Para Diego Arnedo «el folclore es una música heredada mientras que el rock es una música elegida. El folclore es la música heredada en el buen sentido, porque fue la música de mi padre, o sea, la música de mi hogar, la música familiar», pero valora que «en la libertad de ese rock, vuelve el bombo legüero a incorporarse dentro de lo que fue toda nuestra relación con los instrumentos eléctricos y lo que fue la cultura rock de estas últimas décadas». El bajista de Divididos expresa a viva voz el gusto por escuchar y disfrutar el folclore. «Escucho mucho folclore, sobre todo cuando voy a la casa de mi hermano Fernando, que me pone todos los últimos hits folclóricos, todo el cancionero» dice entre risas, pero se pone serio al afirmar: «Me encanta mucho la chacarera, el gato y toda la música nacida en Santiago del Estero, y por supuesto que también el chamame porque hay cosas que están muy bien, pero la chacarera me mata, es un infierno».

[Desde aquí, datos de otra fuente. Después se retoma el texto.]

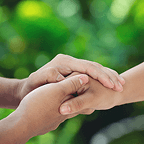 Two people holding hands gently against a blurred green natural background.
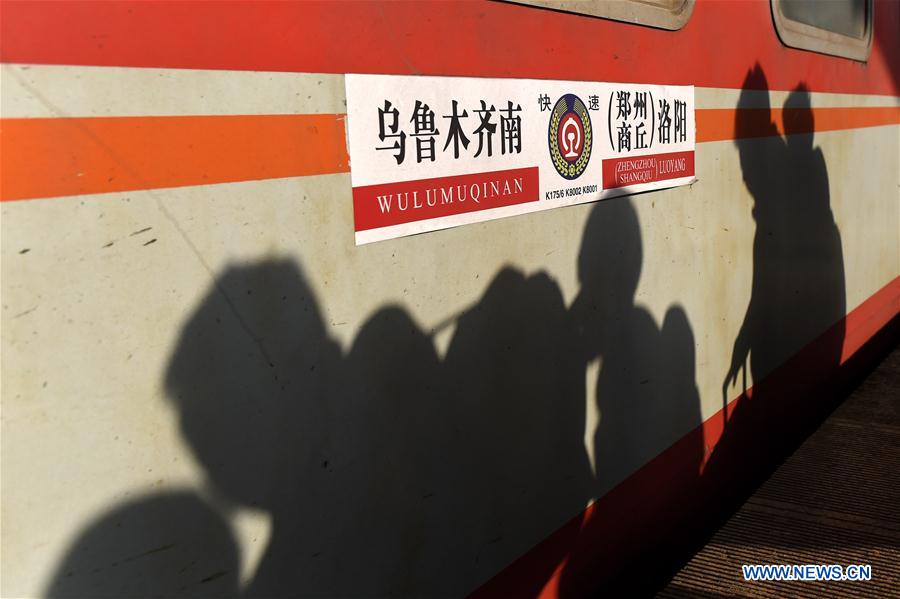 Passengers' shadows are seen on a train at the railway station of Zhengzhou, capital of central China's Henan Province, Feb. 24, 2016.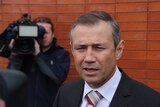 Health Minister Roger Cook standing in front of a brick wall, with a cameraman in the background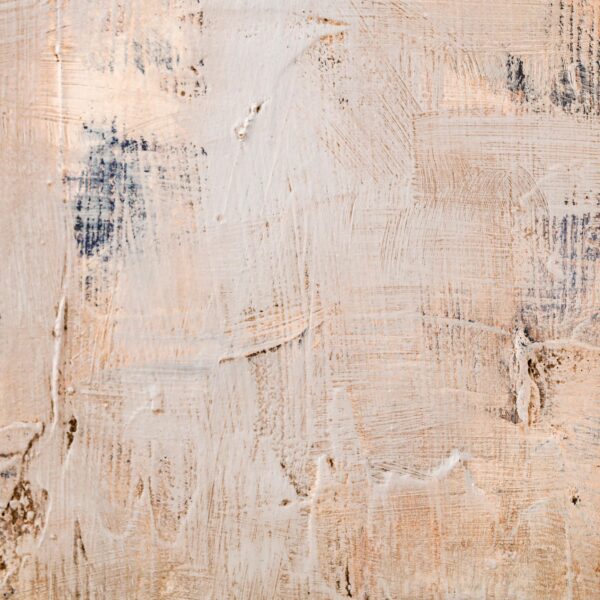 Abstract background rubbed with various shades of beige, cream , ivory and brown. Structured and wiped background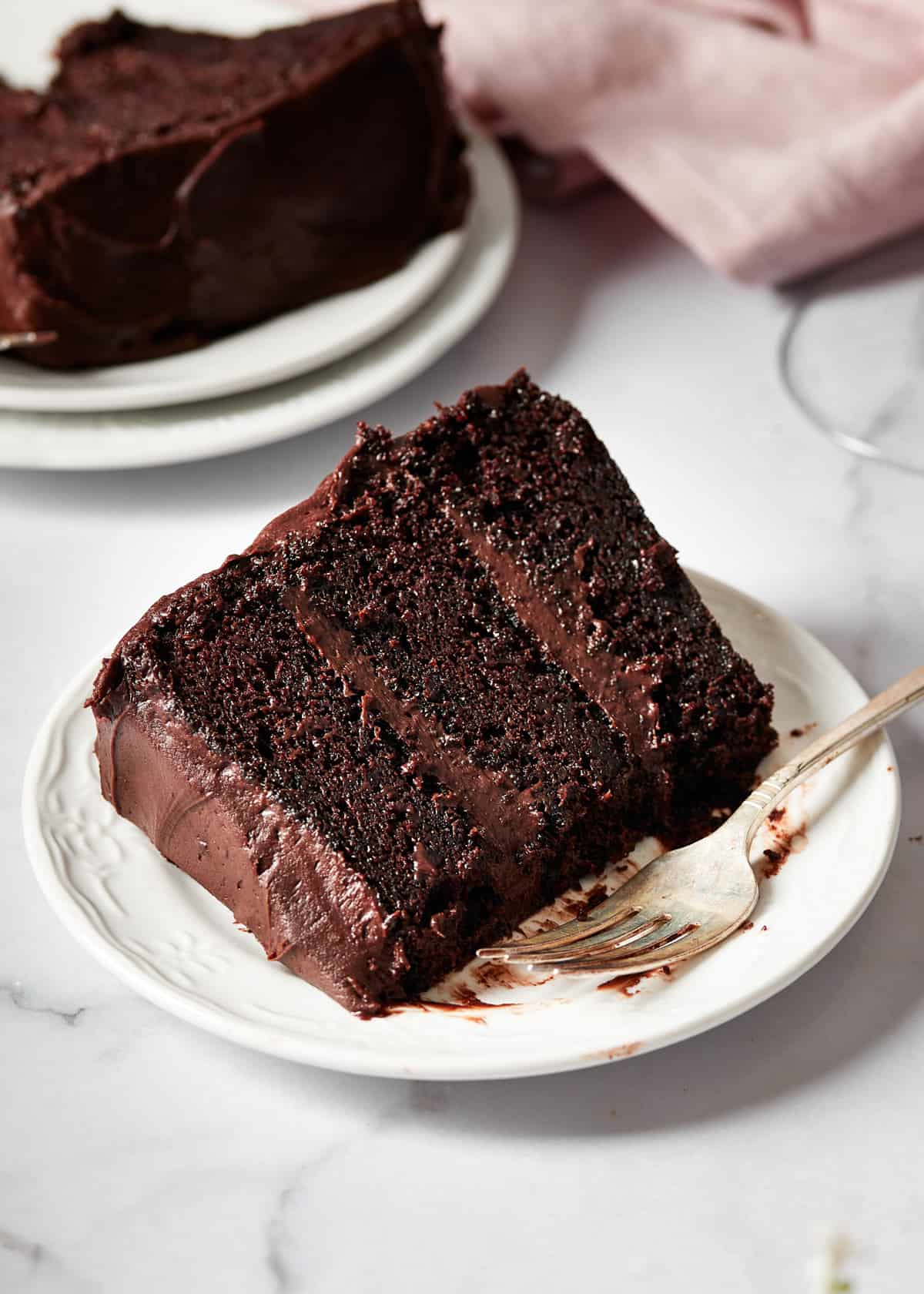 a slice of red wine chocolate cake on a white plate.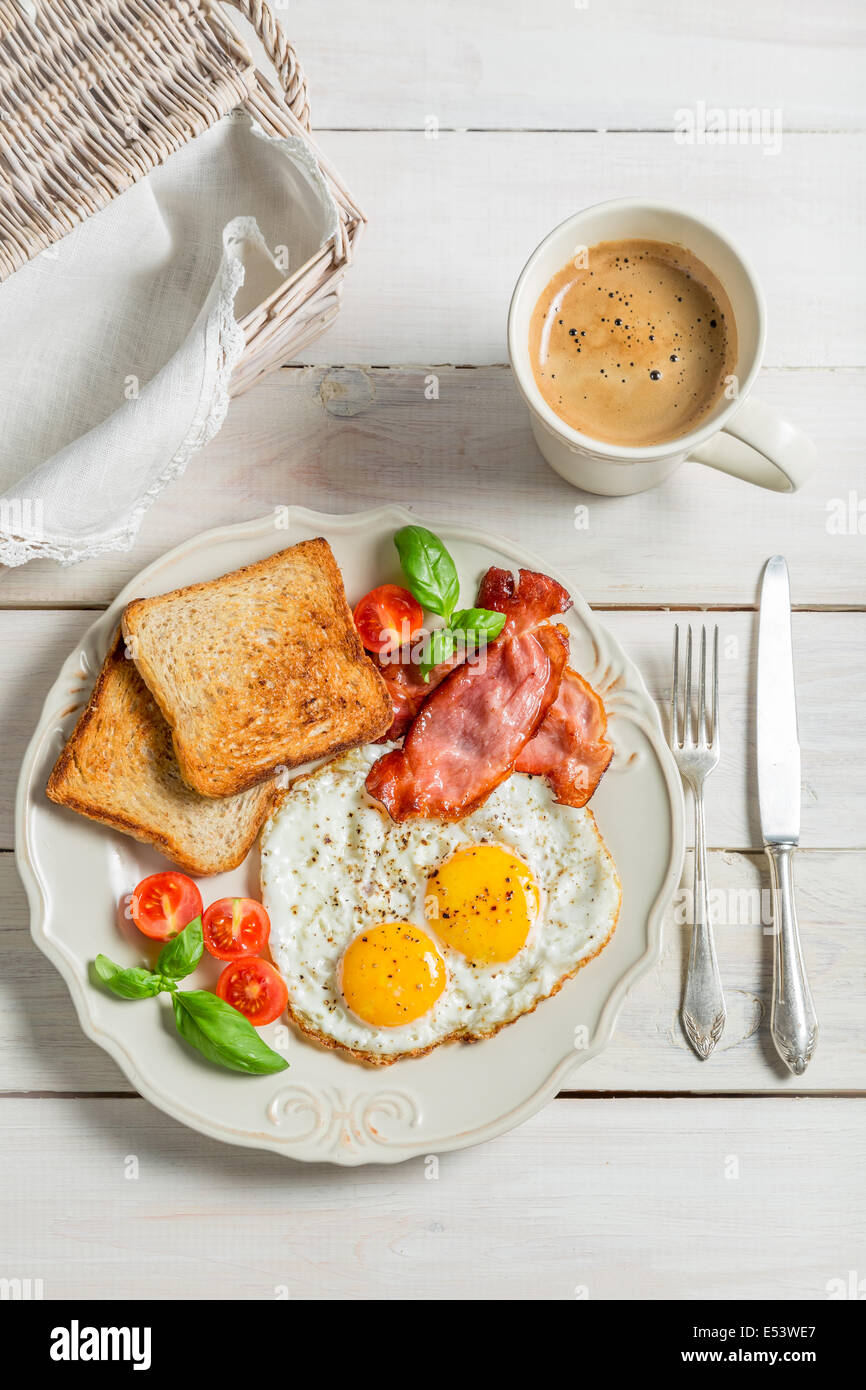 Eggs, toast and bacon for breakfast Stock Photo - Alamy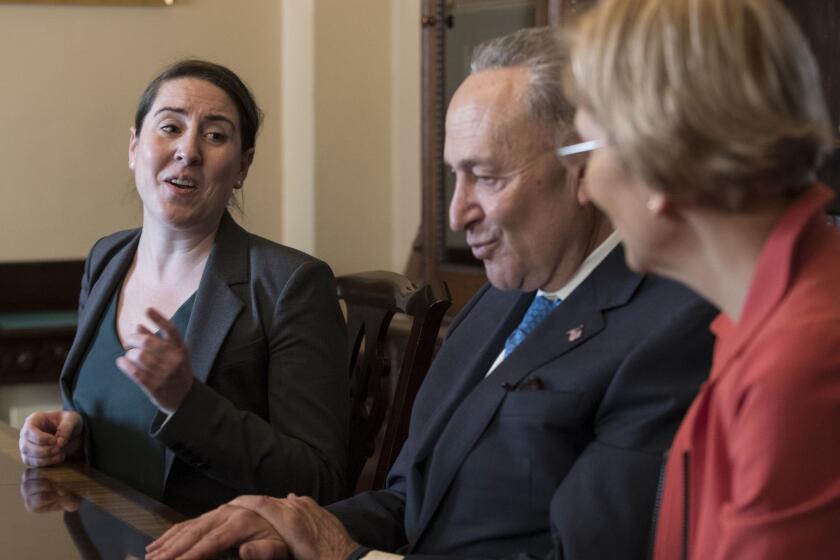 From left, Leandra English, who was elevated to interim director of the Consumer Financial Protection Bureau by its outgoing director, meets with Senate Minority Leader Chuck Schumer, D-N.Y., and Sen. Elizabeth Warren, D-Mass., to discuss the fight for control of the U.S. consumer watchdog's fate after President Donald Trump chose White House budget director Mick Mulvaney for the same post, on Capitol Hill in Washington, Monday, Nov. 27, 2017. (AP Photo/J. Scott Applewhite)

Vitilo Abalos, Alberto Bravo de Zamora, Morenito Suárez o Elpidio Herrera son algunos de los amigos del folclorista con quienes compartió parte de su vida, y son los encargados de contar las mejores anécdotas sobre la vida del compositor, a quienes se suma Fernando Arnedo, padre de Popa, ex concejal e intendente interino de Hurlingham y el mismo Diego Arnedo, quien participa del film de una forma prudente, ya que según Tacconi  «aunque me gusta mucho Divididos y Sumo, la admiración que tenemos por la música de Mario es genuina. Por eso no abusamos con su presencia para atraer a otro tipo de espectadores»

Para el director del film esta fue su ópera prima y según cuentan algunas crónicas, anteriormente había incursionando en el cine a través de una película de la directora argentina Ana Katz y luego fue productor del largo Los paranoicos. Tacconi, en diálogo con El Ciudadano contó que estaba «muy feliz,  muy contento que se haya hecho este film. Fue una buena experiencia de amigos. A nosotros empezó gustándonos mucho la música de Santiago del Estero y empezamos a ir a la provincia y gustó mucho lo que pasa allá con la música, o sea, todo lo que se cuenta dentro de las canciones, los mitos y la gran fe que hay dentro de la música folclórica que hay en las canciones en Santiago del Estero y después primero por la ciudad y después por el monte, rescatando amigos de Mario y gente que nos fue interesando a nosotros personalmente».

Tacconi confiesa que la forma en que se vive el folclore en las entrañas de una provincia como Santiago lo impresionó.  «Todo lo que ponen desde los que tocan, los que bailan, la gente que va a pedir que sanen a algún familiar enfermo, viendo bailar a alguien en particular, o eventos musicales que se hacen para que alguien se cure, todo eso alrededor de la música y no con la relación escenario público sino todos formando parte de lo mismo»

Nicolás Tacconi cuenta que de las cosas que más le impresionó a la hora de filmar la película es que en Santiago del Estero, la música no es solemne, sino que es parte de un festejo, de una vivencia muy especial. Tal vez por eso su última reflexión antes del estrenar la película fue que «mientras se recibe a artistas de todo el mundo, acá nomás están esos talentos que tienen que ver con nosotros. Hasta los cámaras de la película, que son fan de Radiohead, no lo podían creer.»

El otro líder de Divididos es Ricardo Mollo, que también fue a ver la avant premier de Aires de Chacarera, con la intriga de saber como había resultado ese trabajo en el que tanto se había indagado. Mollo subrayó el valor de la película «sobre todo por le rescate de la memoria para que no se pierdan cosas tan importantes como nuestras raíces».